The damage grew worse with Finn’s treatment. Despite getting an injury so painful it put him in a coma, Finn wakes up, bangs his head, and walks around in nothing but a bacta suit on in his first scene, all for comedic relief. He’s demoted from a protagonist to side-character throughout his seventeen minutes of reduced screen time.
How are the SJW activists working in the Lucasfilm Story Group going to accomplish that exactly?
I don’t think anyone understands what they were doing all along.
You mean like Lando Calrissian, from 38 years ago?
It’s what needed to happen, so that Holdo could teach him a deeply stupid feminist lesson.
You’re starting to think like a normal person.

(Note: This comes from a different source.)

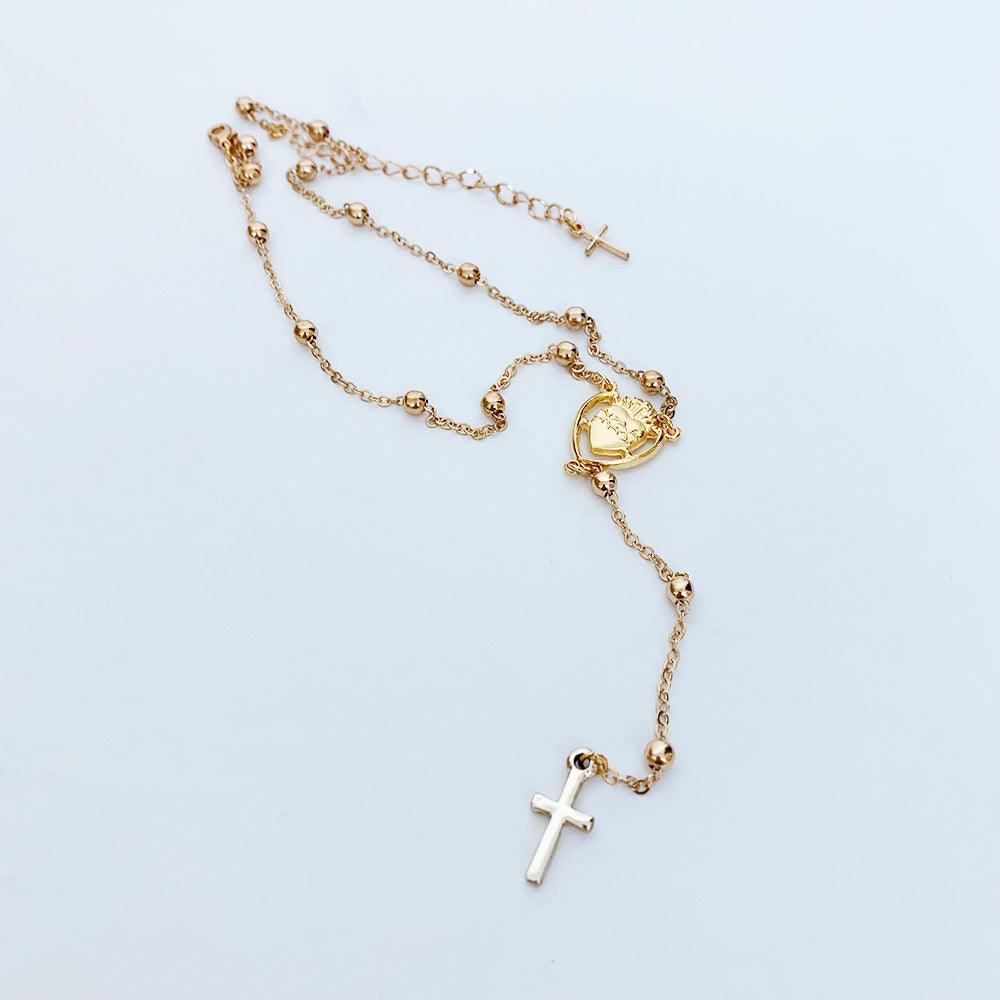 Gold Sacred Heart Rosary Necklace - Gothic Grace Inc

It kind of makes you wonder why so many feminists think this film passes the worthless Bechdel Test, doesn’t it?
Rey’s job is to sway Luke, then Kylo, to her side. Rose has the job of teaching Finn something he already knew. Holdo exists to make Poe listen to women. And what about Leia Organa, who only hours ago lost her husband and, by the film’s conclusion, her brother? Leia is put in a coma after her Shooting Stars sequence, and no insight is given into how she feels, nor does she get to make meaningful decisions.
Well, the women in charge made the decision not to gas up before they left, which led to two days worth of failed missions and all but a dozen or so Resistance soldiers to their deaths. I’d say that might be meaningful.

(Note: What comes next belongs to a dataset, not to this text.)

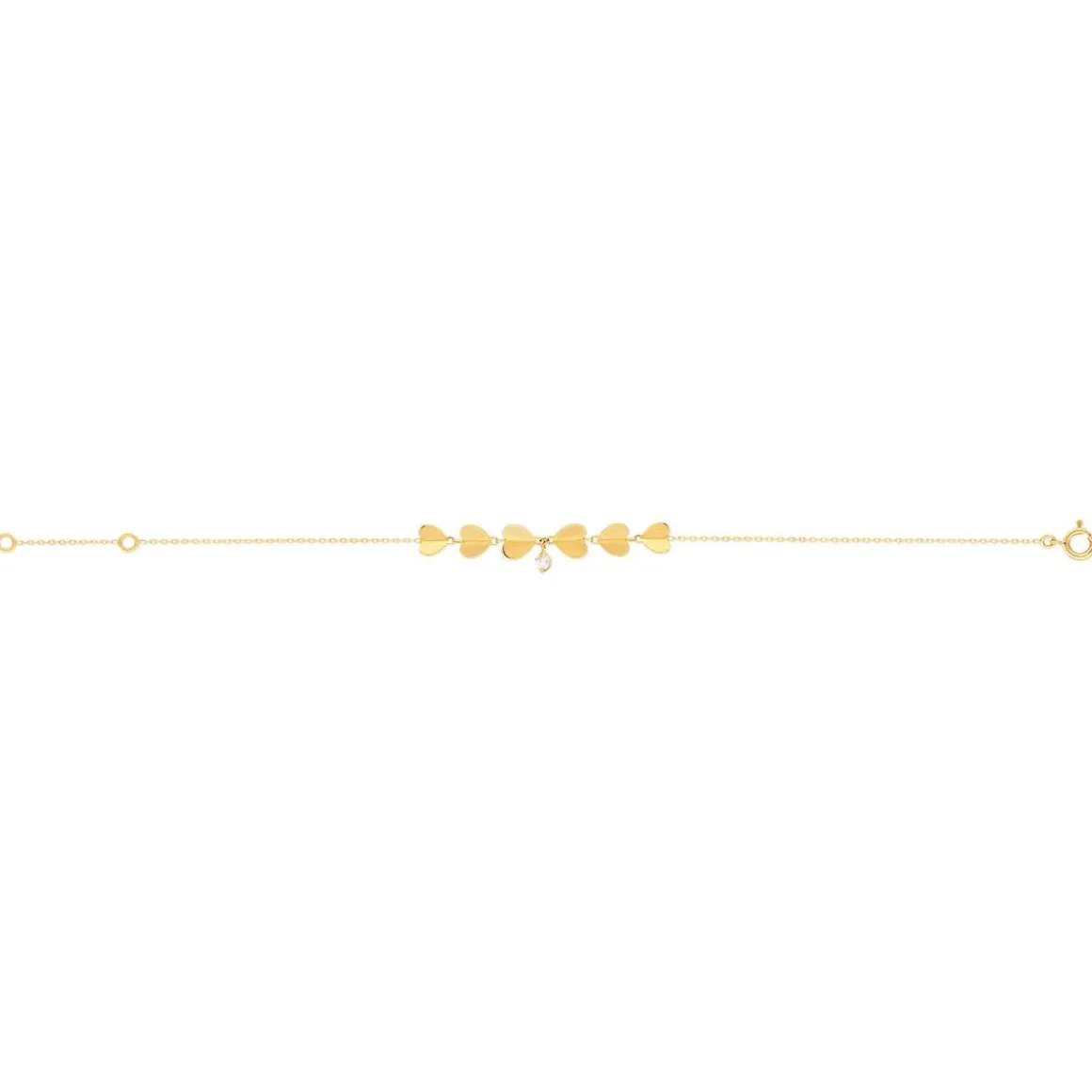 Bracelet or jaune 750 zirconia 18 cm, motif coeur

But this was feminism on screen. That’s precisely why it was so incredibly stupid.
Admiral Holdo is killed off to complete Poe’s character arc. It’s quite telling how one of the most memorable shots of the film is a woman sacrificing herself after she’s outlived her usefulness to the story.
When did Holdo have any usefulness?
Rose is left in a state of limbo at the film’s conclusion, and it’s implied that there might be a competition between her and Rey for Finn’s attention, because how feminist is it to have two women fighting over a man, right?
Actually, folks are thinking that Rose is going to get Jar-Jared and dropped from the narrative almost entirely. But really, who cares either way?
This is probably news to Rian Johnson and Kathleen Kennedy, who worked so hard to bring you their diversity fashion show.
You can see what would happen if everyone was a part of Star Wars here. Seriously though, Star Wars could never properly be about everyone. Because everyone doesn’t fight in wars. And that’s what Star Wars is about; war. Hence the “wars” in Star Wars.
But the men who called Rey a Mary Sue had a legitimate point too.
They’re going to repeat many mistakes, because Lucsfilm no longer employs wise storytellers. Rather, they employ naive political activists instead.
I’m willing to bet that most fans don’t give a hoot about Rey, Finn, Poe, Rose or Holdo. But only the box office for Episode IX will tell us for sure.